# Qdrant 1.18 - TurboQuant
[**Qdrant 1.18.0 is out!**](https://github.com/qdrant/qdrant/releases/tag/v1.18.0) Let's look at the main features for this version:

**TurboQuant:** A new quantization method that matches scalar quantization's recall at half the memory with faster query throughput, and outperforms binary quantization in recall at equivalent storage budgets.

**Memory Monitoring:** Inspect a collection's disk, RAM, and page cache usage broken down by component (vectors, payload, indexes, and more) via a new Web UI view and API endpoint.

**Adding and Removing Named Vectors:** Add or remove named vectors to an existing collection's schema without having to recreate it.

Additionally, version 1.18 adds two improvements to audit logging: a new API endpoint to query audit logs, and support for request tracing IDs. It also introduces per-collection API metrics and two new strict mode guardrails.

## TurboQuant

![Section 1](/blog/qdrant-1.18.x/section-1.png)

Quantization is a technique that reduces the memory footprint of a vector collection by compressing floating-point values to a lower bit depth. Smaller vectors fit more readily in memory, which speeds up search and lowers infrastructure costs.

Choosing a quantization method means accepting tradeoffs. Binary quantization is fast but requires a centered vector distribution, and accuracy degrades significantly for smaller vectors. Scalar quantization is reliable but compresses only by a factor of four. Product quantization compresses more aggressively, but at the cost of accuracy and speed. There has been no single method that worked well across all vector distributions and dimensions.

Version 1.18 introduces support for [TurboQuant](/documentation/manage-data/quantization/index.md), a new quantization method developed by [Google Research](https://research.google/blog/turboquant-redefining-ai-efficiency-with-extreme-compression/). TurboQuant applies a fast Hadamard rotation to vectors before compression, which redistributes values evenly across coordinates. Because this rotation normalizes the data distribution, TurboQuant works well with any embedding model.
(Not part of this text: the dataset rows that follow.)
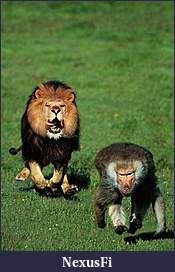 Trading related one-liners-lion-baboon-knuttz.jpg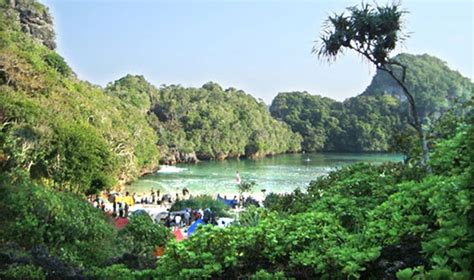 Segara anakan cilacap.  2009.  Increased human activities have increased...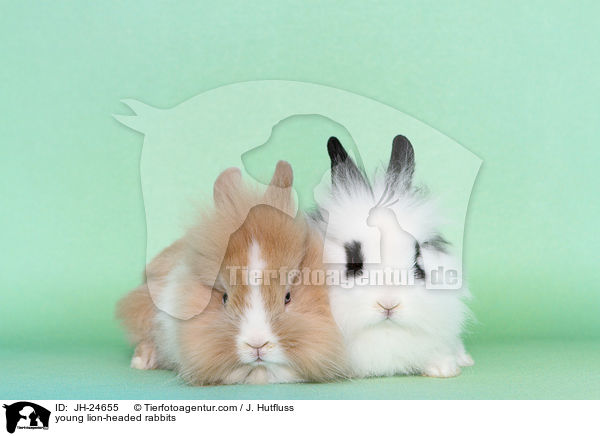 young lion-headed rabbits / JH-24655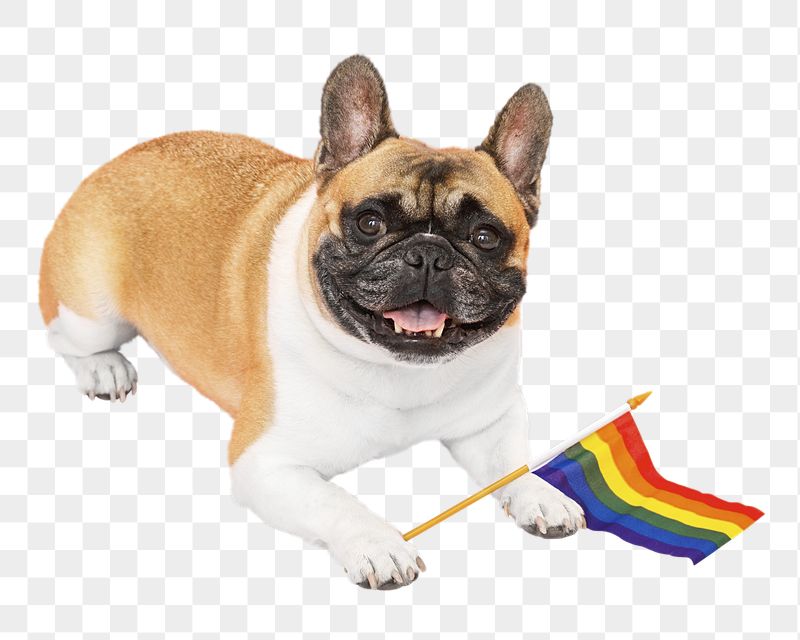 Pride month dog png sticker, | Free PNG - rawpixel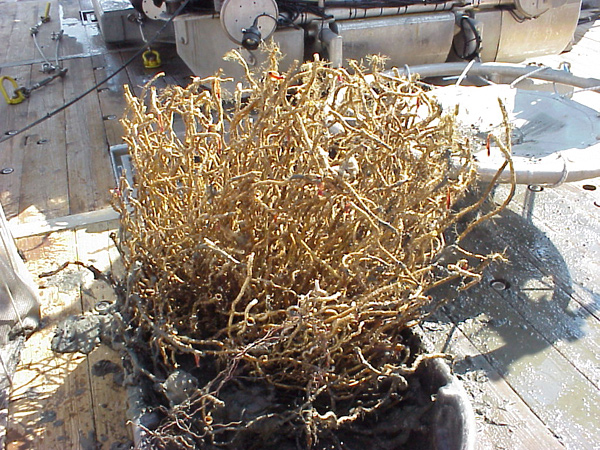 tubeworm bush on deck looking like a bunch of sticks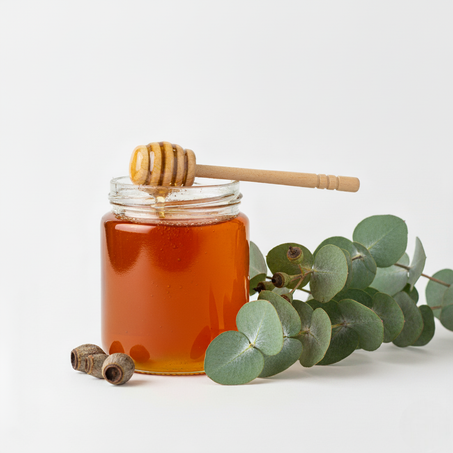 عسل الكاليبتوس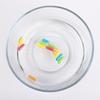 Dinosaur and Marine Animal Expanding Capsules - Educational Bath Toys for Kids, Inspired by TikTok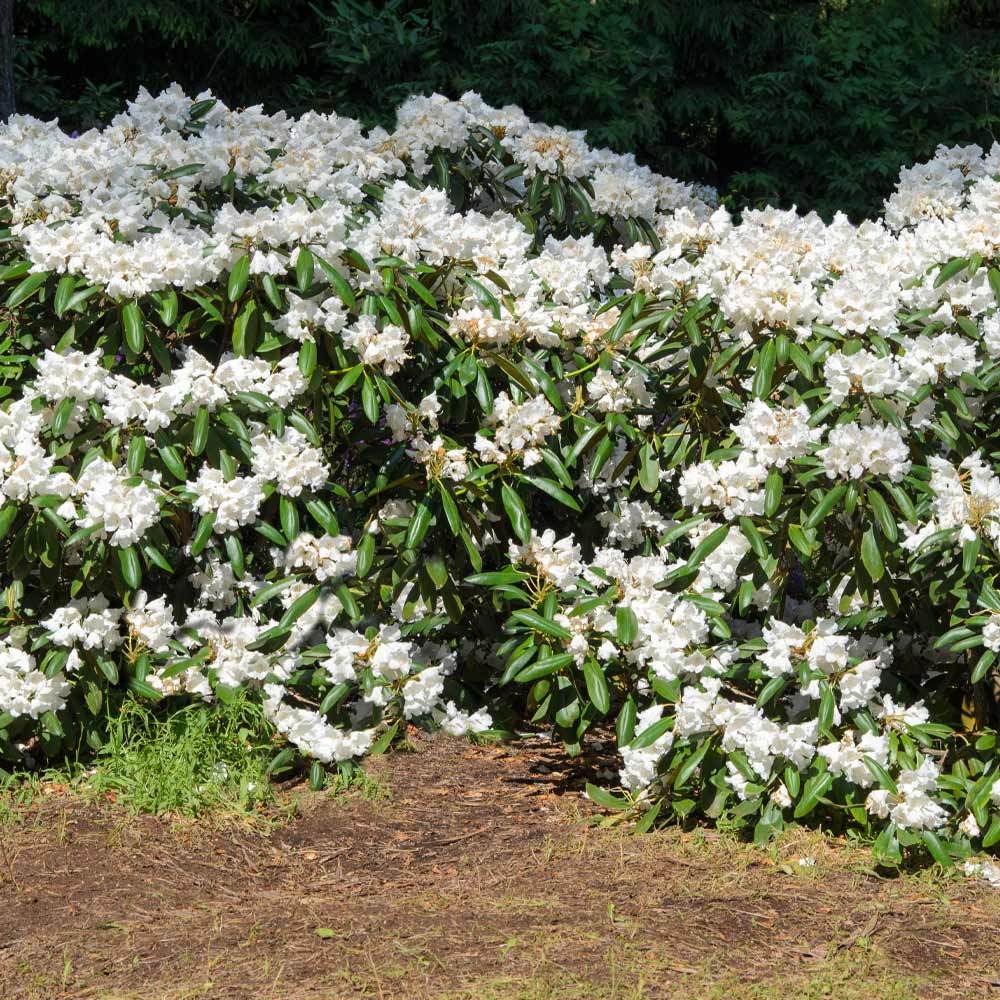 White Rhododendron Shrub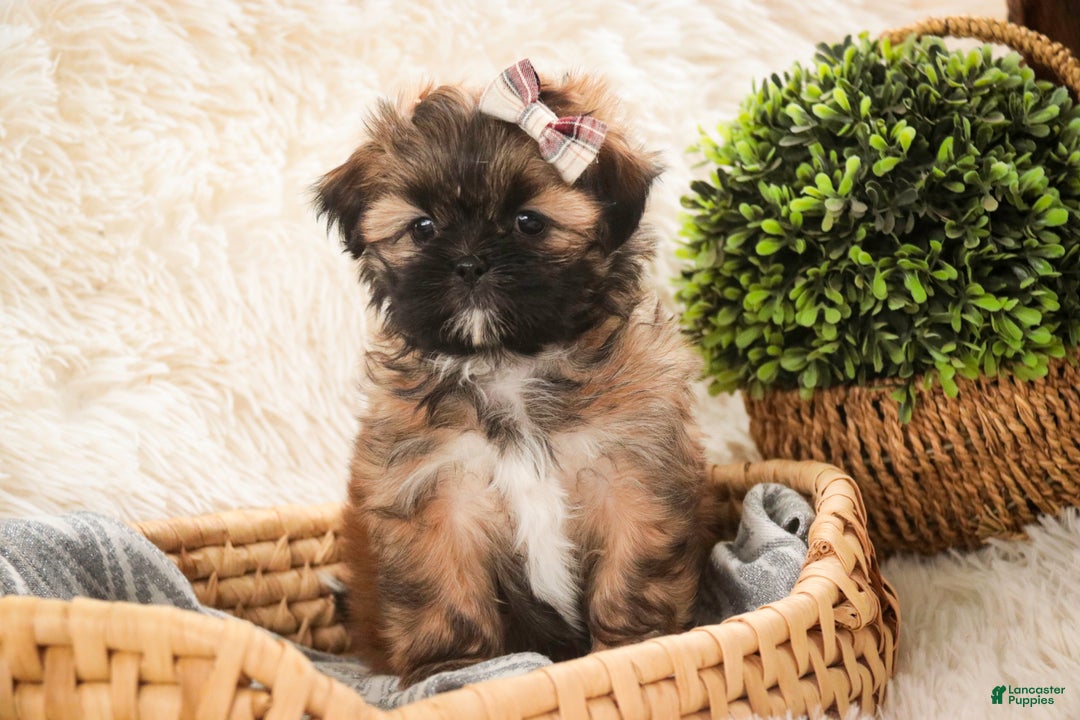 Shih Tzu dogs for sale: Shaina - Ad 4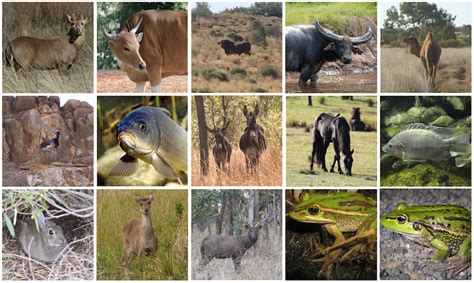 native species  count  conservation   australia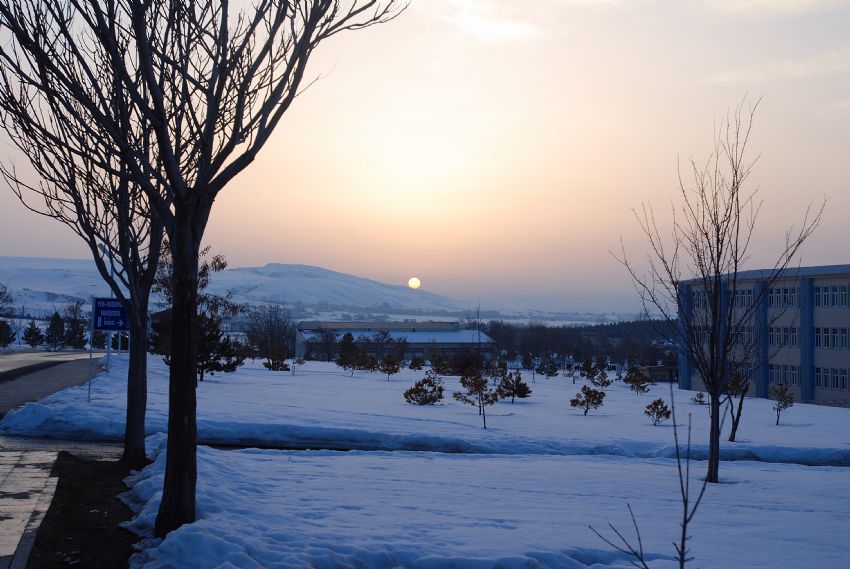 kampuste gun batarken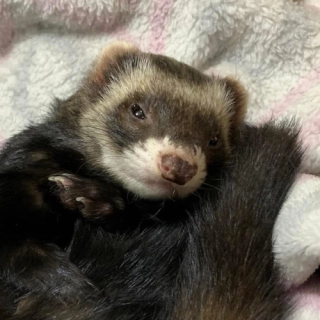 Timmie
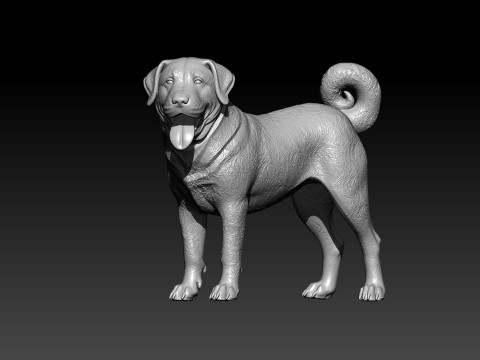 Anatolian Shepherd Dog model - 3D print 3D-Druckmodell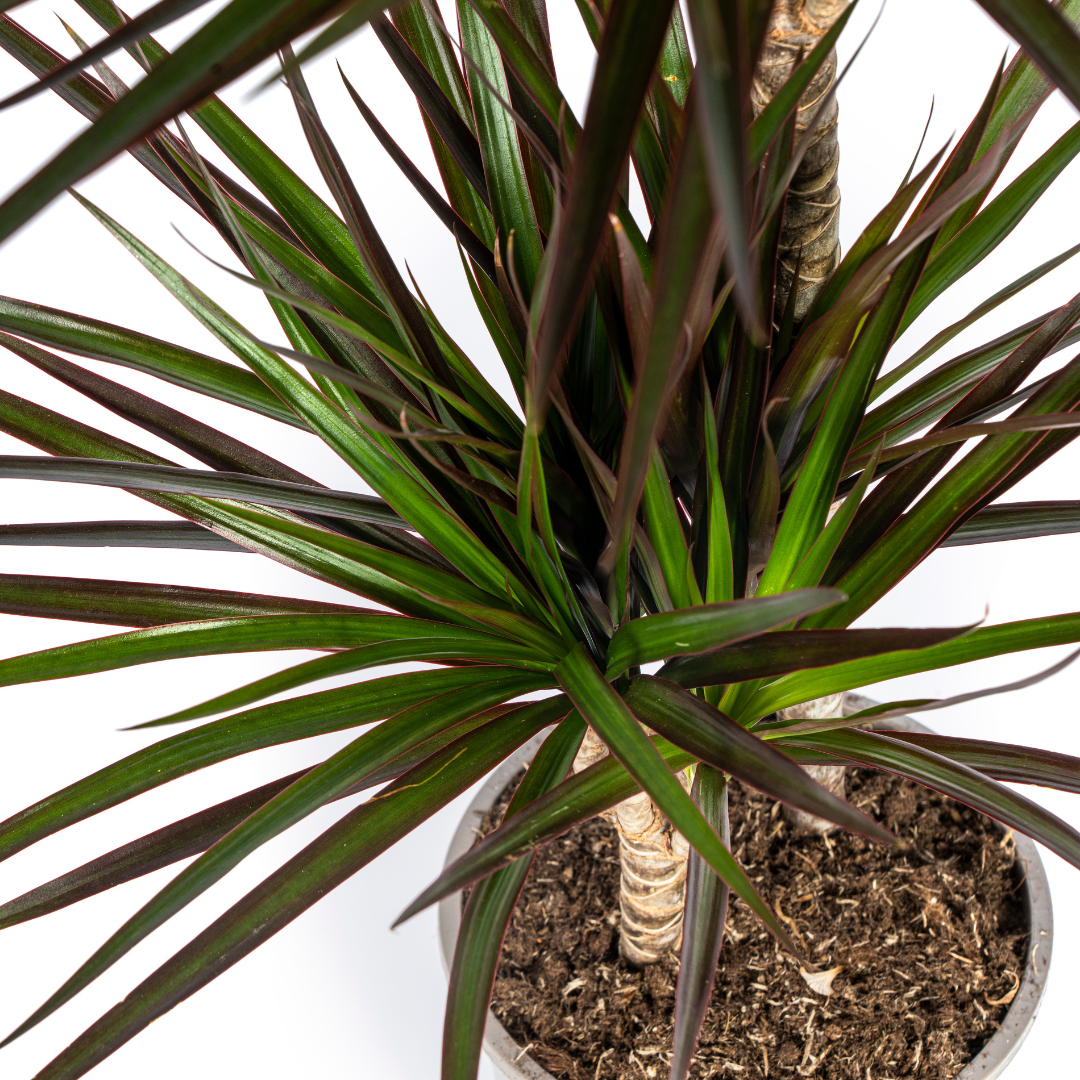 Dracaena Marginata Magenta – Luchtzuiverende Kamerplant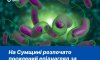 На Сумщині розпочато посилений епіднагляд за холерою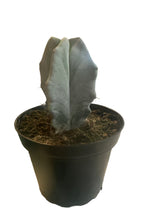 Load image into Gallery viewer, Mini Cactus Assorted
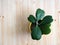 Top View of a Hoya Cactus with Heart shaped Leaves in a Flower pot on Wooden Background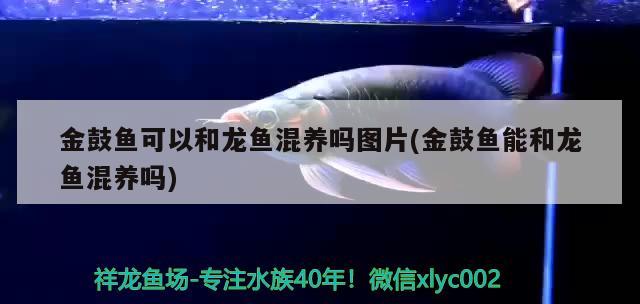 金鼓魚可以和龍魚混養(yǎng)嗎圖片(金鼓魚能和龍魚混養(yǎng)嗎) ?；?異型虎魚/純色虎魚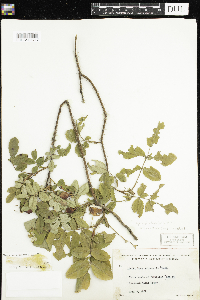 Rosa acicularis subsp. sayi image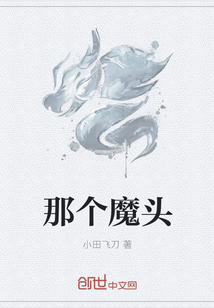 那个魔头封面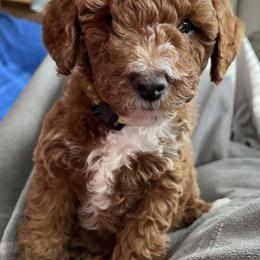 Goldendoodle Puppies from Celebrity Doodles MO
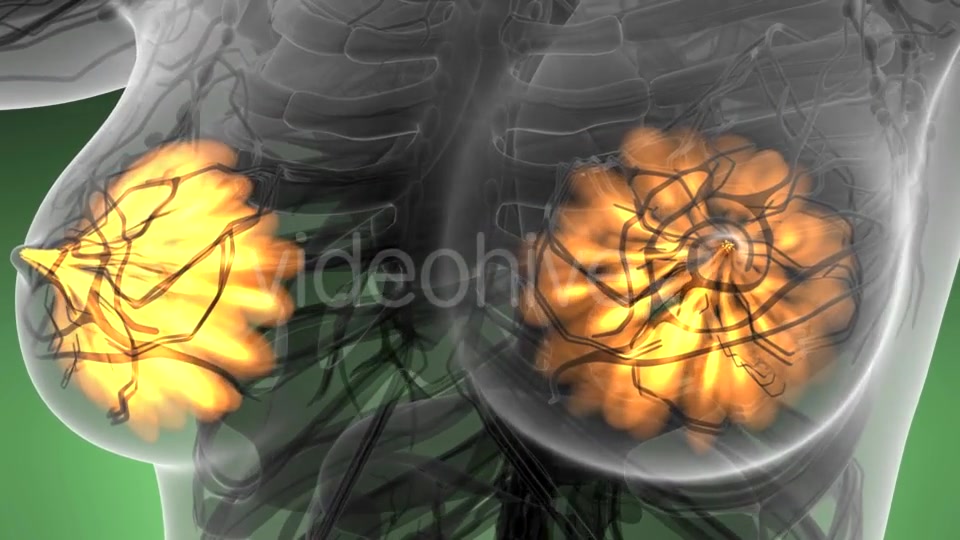 Human Body with Visible Glow Mammary Gland - Download Videohive 21313562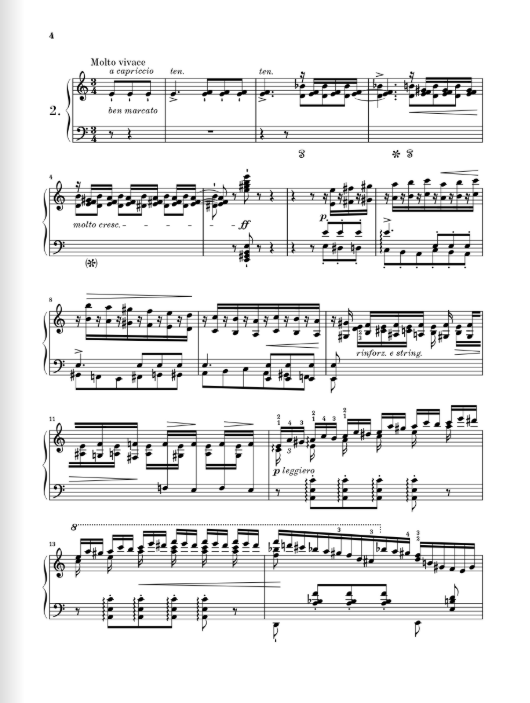 Liszt Transcendental Studies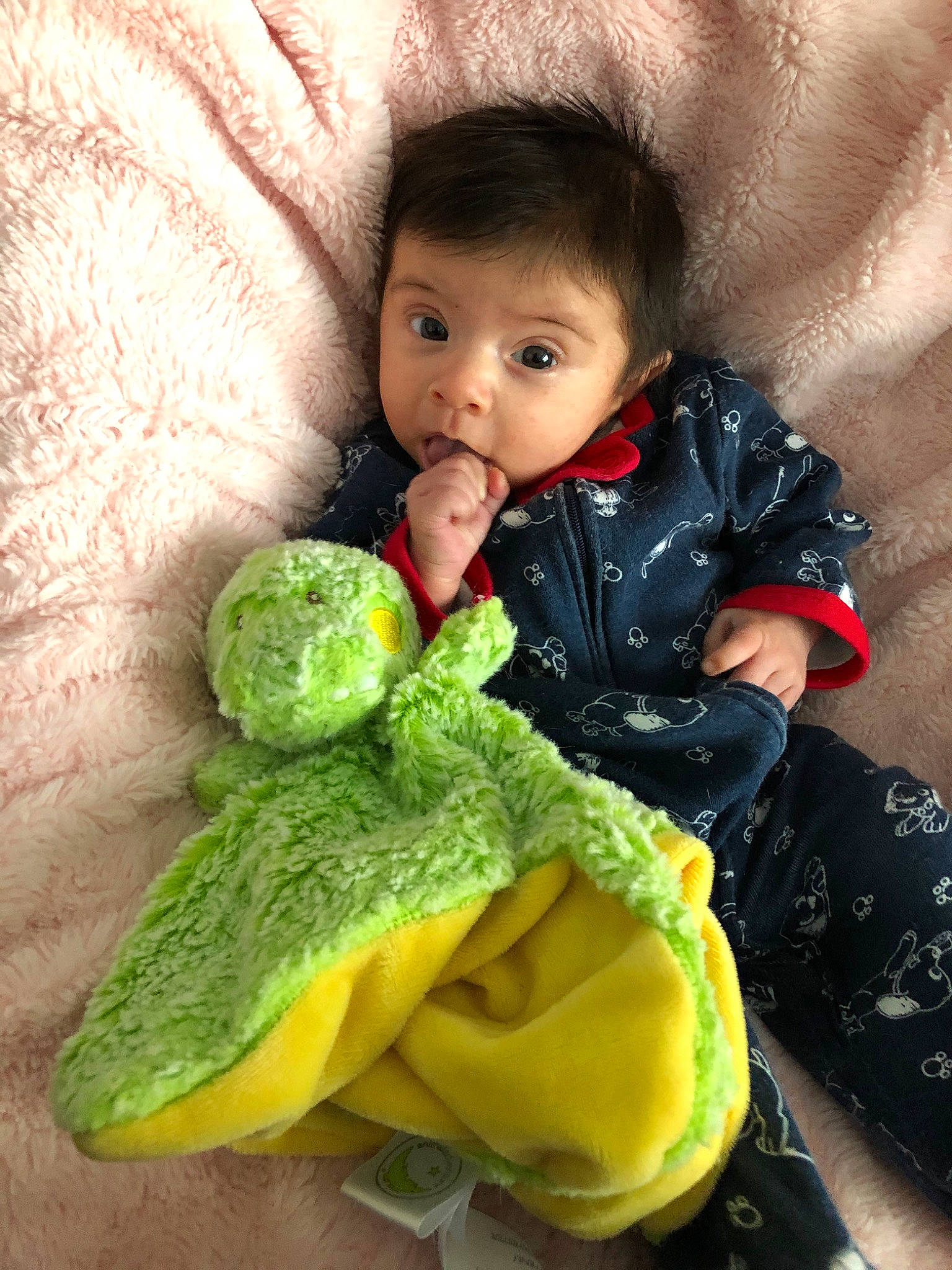 Sailor joined the competition — help win amazing prizes! baby, cabbage, child, leaf_vegetable, person, plant, surprise, toddler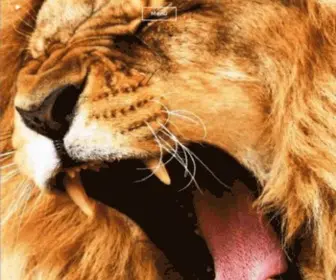 Exploreeastafrica.com(Explore East Africa) Screenshot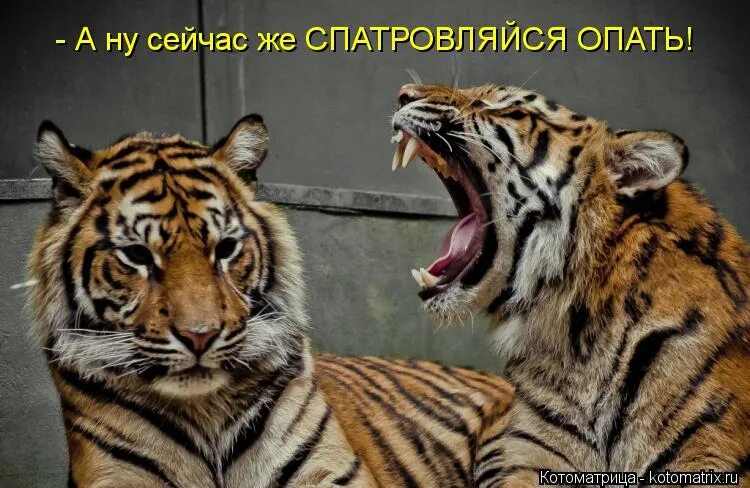 кот жрет колбасу. ну сейчас подойду. ну сейчас подойду. ну сейчас подойду. любимый ты же обещал сходить в кино.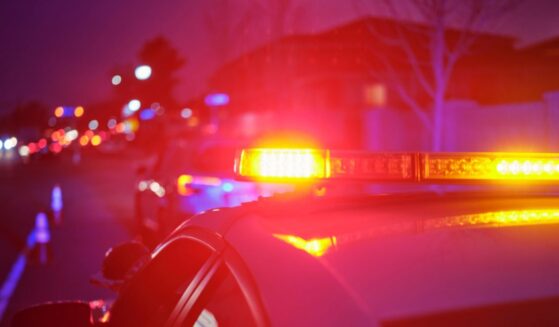 A police car at night alongside a road with emergency lights flashing.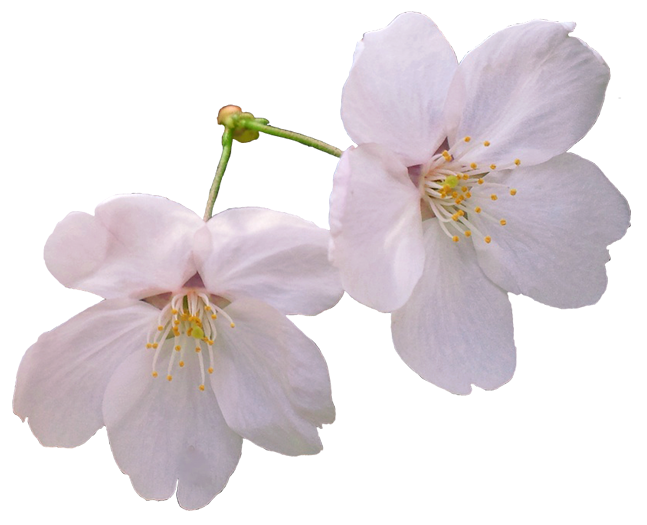 画像 桜 - KibrisPDR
Qdrant's implementation of TurboQuant extends the original algorithm to close the gap between the algorithm's theoretical assumptions and real-world embeddings. A length renormalization step corrects a recall-degrading bias caused by quantization error. A per-coordinate calibration pre-pass fits the data to precomputed codebooks more accurately than expected by theory. Cosine, dot product, and L2 are all supported as first-class distance metrics, removing the unit-sphere restriction of the original paper. And finally, we implemented a highly optimized SIMD acceleration for TurboQuant to achieve maximum performance.

To learn more about Qdrant's TurboQuant implementation, refer to [our article](/articles/turboquant-quantization/index.md).

### How TurboQuant Compares

The following table compares Recall@10 for full original vectors (f32), scalar quantization (SQ), TurboQuant (TQ) at 4-bit, 2-bit, and 1-bit configurations, and binary quantization (BQ) at 2-bit and 1-bit (asymmetric). Benchmarks were run on 100K vectors per dataset with HNSW configured with `m=16` and `ef_construct=128`:

| Dataset | f32 | SQ | **TQ 4-bit** | TQ 2-bit | BQ 2-bit | TQ 1-bit | BQ 1-bit |
|---|---|---|---|---|---|---|---|
| arxiv-instructorxl-768 | 0.916 | 0.913 | **0.902** | **0.817** | 0.675 | **0.678** | 0.598 |
| dbpedia-openai3-large-1536 | 0.934 | 0.933 | **0.927** | **0.880** | 0.750 | **0.792** | 0.780 |
| dbpedia-openai3-small-1536 | 0.936 | 0.934 | **0.929** | **0.883** | 0.761 | **0.796** | 0.788 |
| wiki-cohere-v3-1024 | 0.962 | 0.960 | **0.950** | **0.889** | 0.748 | **0.798** | 0.744 |
| **Compression** | 1× | 4× | **8×** | 16× | 16× | 32× | 32× |

The three key takeaways from these results are:

- **TQ 4-bit matches SQ recall** within ~1 percentage point on every dataset, at half the storage and similar or better throughput.
- **TQ 2-bit beats BQ 2-bit by ~13 percentage points** on every dataset, at the same 16× storage.
- **TQ 1-bit beats BQ 1-bit on every dataset**, by 1–8 percentage points — a smaller margin than the 16× class, but still a consistent win at the same 32× storage.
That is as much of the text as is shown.